• **WHAT YOU ARE ASKED TO DO**
Write out, word for word, only the data from its first line to the line containing "Cous de poulet".

• **TASK INPUT**

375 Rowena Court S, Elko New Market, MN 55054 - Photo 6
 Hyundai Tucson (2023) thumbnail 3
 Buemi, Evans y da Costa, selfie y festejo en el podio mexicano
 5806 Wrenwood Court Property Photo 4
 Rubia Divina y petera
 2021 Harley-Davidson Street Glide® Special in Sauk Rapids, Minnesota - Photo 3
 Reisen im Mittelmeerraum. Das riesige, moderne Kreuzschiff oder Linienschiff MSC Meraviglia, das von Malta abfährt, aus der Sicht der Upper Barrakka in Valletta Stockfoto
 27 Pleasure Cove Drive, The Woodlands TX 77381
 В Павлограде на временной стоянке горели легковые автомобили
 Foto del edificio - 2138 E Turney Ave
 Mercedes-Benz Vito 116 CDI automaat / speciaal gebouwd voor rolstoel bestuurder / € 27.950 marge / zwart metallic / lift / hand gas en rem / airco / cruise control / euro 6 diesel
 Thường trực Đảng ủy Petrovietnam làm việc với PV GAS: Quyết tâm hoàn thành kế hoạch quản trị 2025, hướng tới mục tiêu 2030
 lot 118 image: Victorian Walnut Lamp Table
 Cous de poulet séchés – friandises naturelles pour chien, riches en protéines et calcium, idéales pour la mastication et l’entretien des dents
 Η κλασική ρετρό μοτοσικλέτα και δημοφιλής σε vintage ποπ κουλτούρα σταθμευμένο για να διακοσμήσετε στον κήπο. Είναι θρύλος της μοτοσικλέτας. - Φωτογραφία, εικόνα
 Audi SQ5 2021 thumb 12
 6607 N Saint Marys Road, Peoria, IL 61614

• **RESULT FOR THIS TASK**
375 Rowena Court S, Elko New Market, MN 55054 - Photo 6
 Hyundai Tucson (2023) thumbnail 3
 Buemi, Evans y da Costa, selfie y festejo en el podio mexicano
 5806 Wrenwood Court Property Photo 4
 Rubia Divina y petera
 2021 Harley-Davidson Street Glide® Special in Sauk Rapids, Minnesota - Photo 3
 Reisen im Mittelmeerraum. Das riesige, moderne Kreuzschiff oder Linienschiff MSC Meraviglia, das von Malta abfährt, aus der Sicht der Upper Barrakka in Valletta Stockfoto
 27 Pleasure Cove Drive, The Woodlands TX 77381
 В Павлограде на временной стоянке горели легковые автомобили
 Foto del edificio - 2138 E Turney Ave
 Mercedes-Benz Vito 116 CDI automaat / speciaal gebouwd voor rolstoel bestuurder / € 27.950 marge / zwart metallic / lift / hand gas en rem / airco / cruise control / euro 6 diesel
 Thường trực Đảng ủy Petrovietnam làm việc với PV GAS: Quyết tâm hoàn thành kế hoạch quản trị 2025, hướng tới mục tiêu 2030
 lot 118 image: Victorian Walnut Lamp Table
 Cous de poulet séchés – friandises naturelles pour chien, riches en protéines et calcium, idéales pour la mastication et l’entretien des dents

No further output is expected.